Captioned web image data
● ● ●
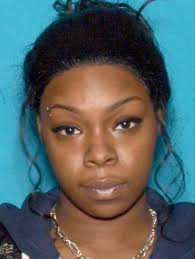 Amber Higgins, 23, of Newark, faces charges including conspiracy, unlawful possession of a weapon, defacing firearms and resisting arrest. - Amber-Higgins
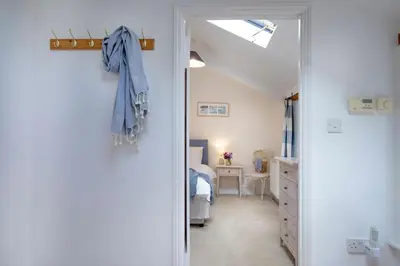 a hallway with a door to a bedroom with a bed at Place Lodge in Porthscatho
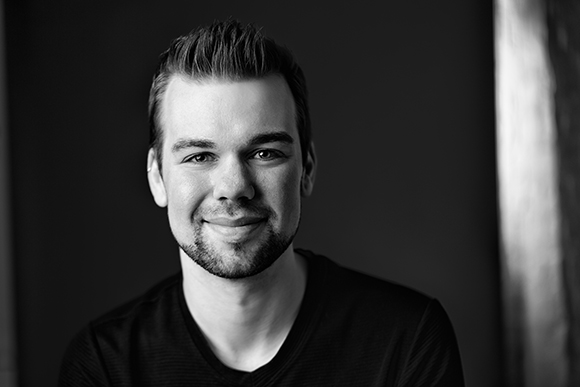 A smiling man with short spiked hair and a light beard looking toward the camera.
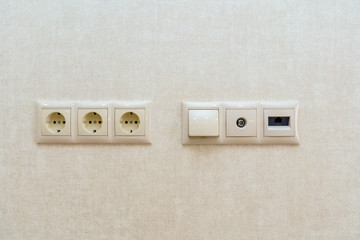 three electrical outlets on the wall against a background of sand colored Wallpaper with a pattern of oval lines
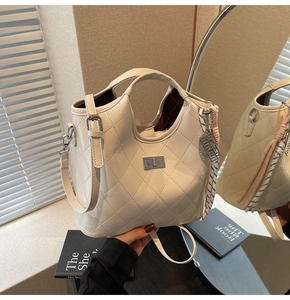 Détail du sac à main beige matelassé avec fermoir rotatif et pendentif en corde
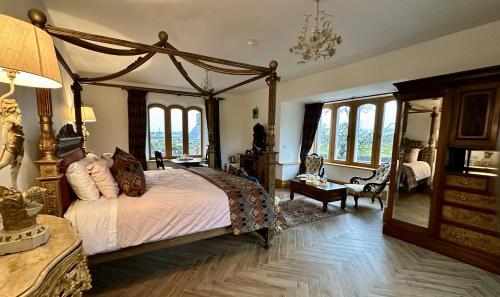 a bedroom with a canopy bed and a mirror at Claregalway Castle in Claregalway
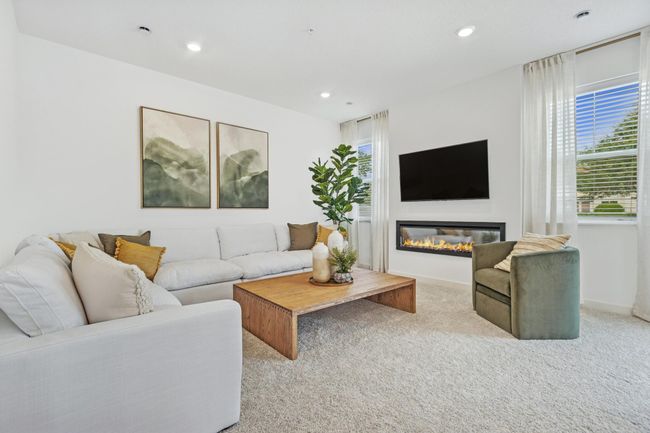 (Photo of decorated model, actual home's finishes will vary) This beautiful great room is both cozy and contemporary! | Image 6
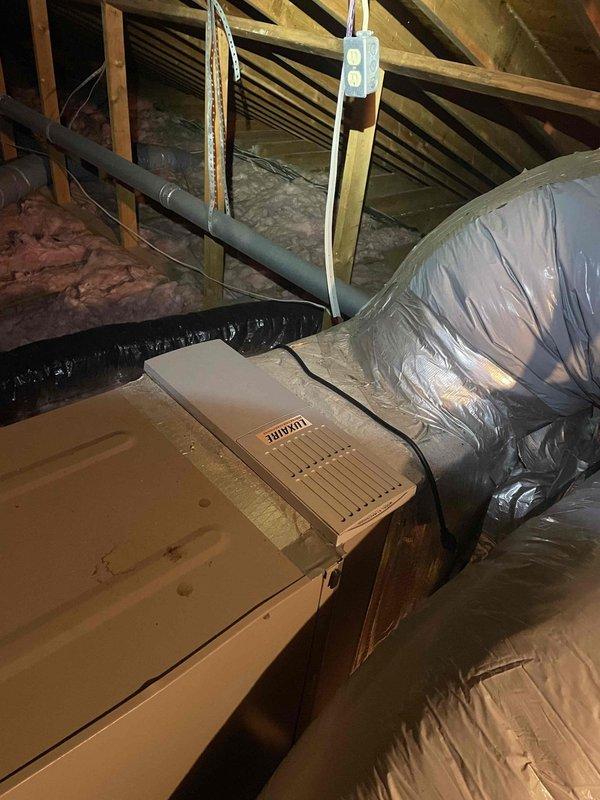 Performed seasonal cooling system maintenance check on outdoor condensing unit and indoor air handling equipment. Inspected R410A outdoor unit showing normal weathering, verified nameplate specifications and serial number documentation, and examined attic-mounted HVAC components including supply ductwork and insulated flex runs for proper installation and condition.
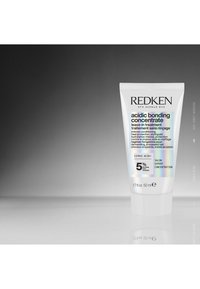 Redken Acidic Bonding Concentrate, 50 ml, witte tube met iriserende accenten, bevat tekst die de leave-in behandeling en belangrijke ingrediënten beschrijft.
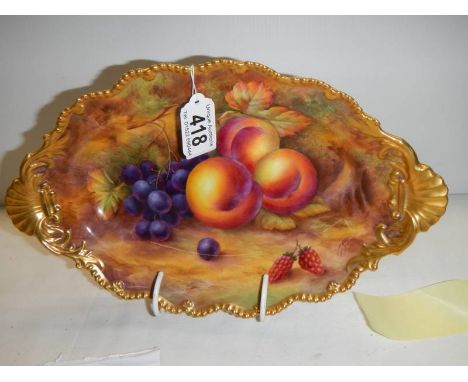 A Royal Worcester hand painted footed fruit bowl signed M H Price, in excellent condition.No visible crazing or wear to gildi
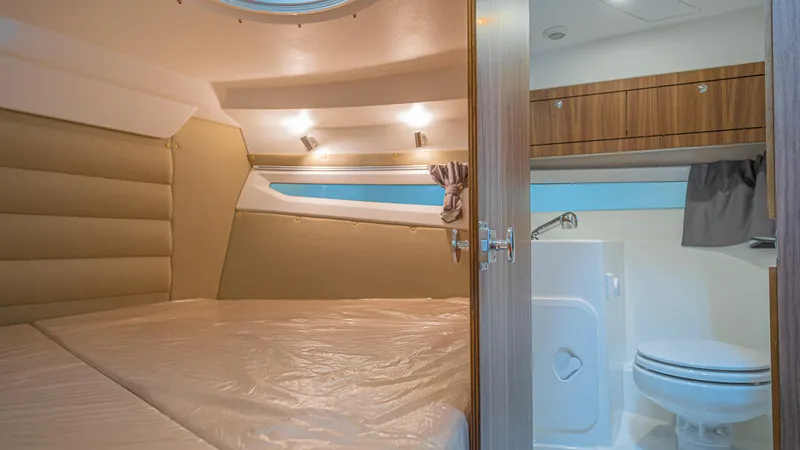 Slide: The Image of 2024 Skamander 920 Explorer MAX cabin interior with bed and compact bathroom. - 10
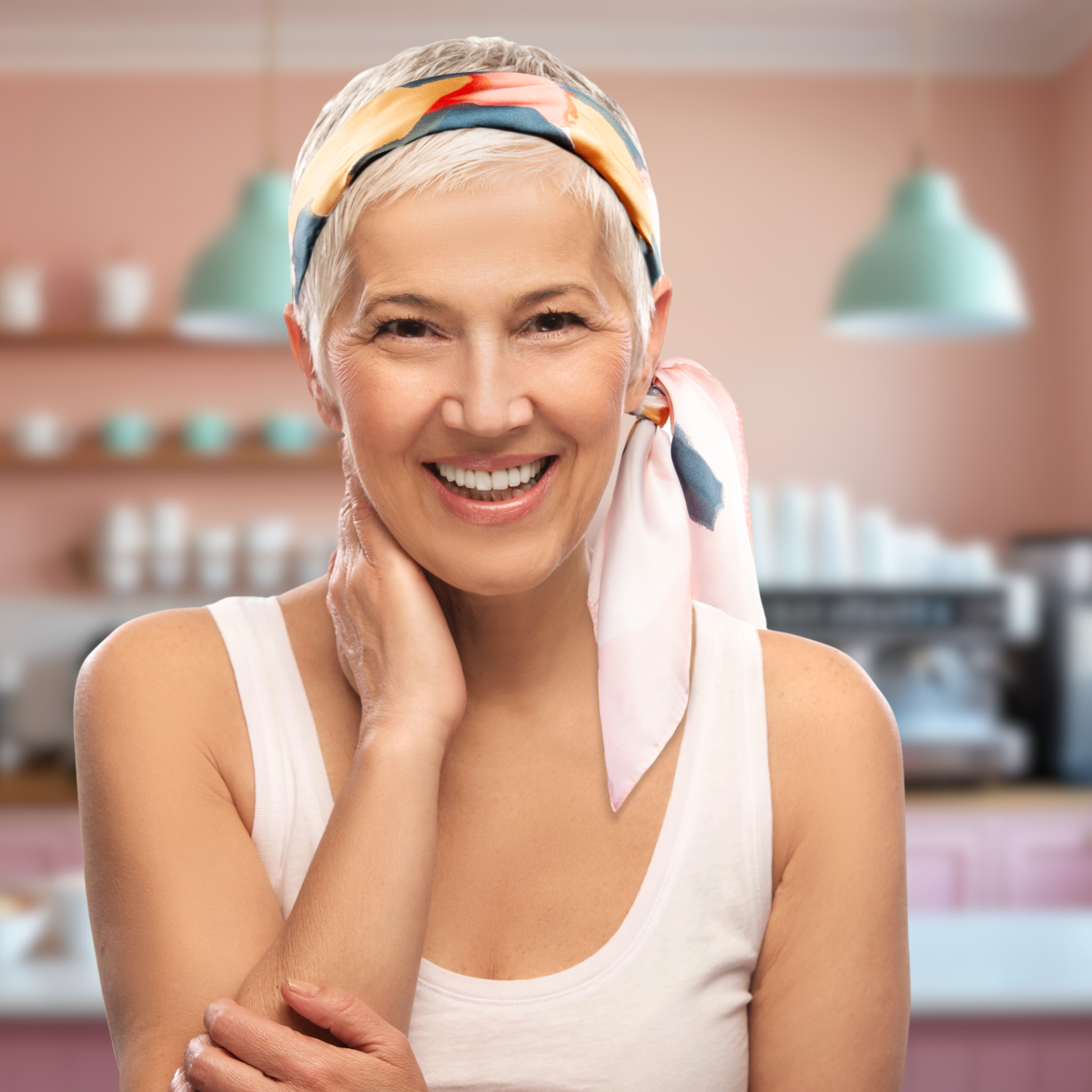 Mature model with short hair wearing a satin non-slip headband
● ● ●
Reproduce, word for word, the lines from the one containing "Slide: The Image" through the final line above. Leave every picture out.

 Slide: The Image of 2024 Skamander 920 Explorer MAX cabin interior with bed and compact bathroom. - 10
 Mature model with short hair wearing a satin non-slip headband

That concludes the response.